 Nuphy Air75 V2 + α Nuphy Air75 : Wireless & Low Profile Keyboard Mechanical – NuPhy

--

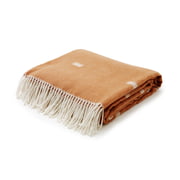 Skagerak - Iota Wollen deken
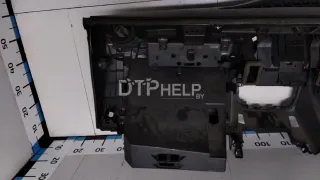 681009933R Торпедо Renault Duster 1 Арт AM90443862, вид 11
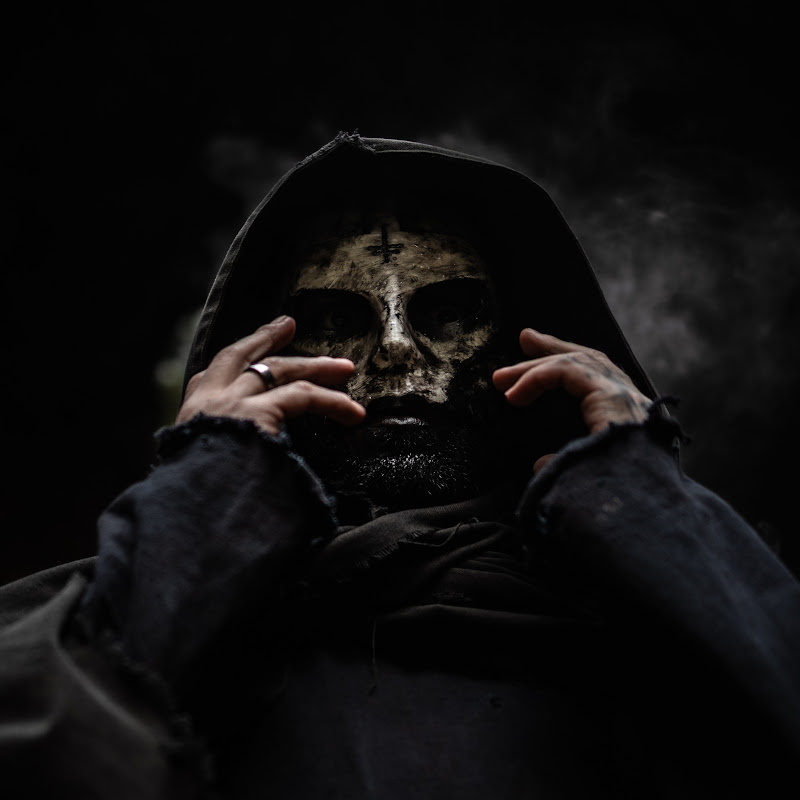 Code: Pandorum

▶ **Task requirements**: Using the data above, return the lines from the one holding "681009933R Торпедо Renault" through the one holding "Code: Pandorum" exactly, but not the pictures.

▶ **Task answer**:
 681009933R Торпедо Renault Duster 1 Арт AM90443862, вид 11
 Code: Pandorum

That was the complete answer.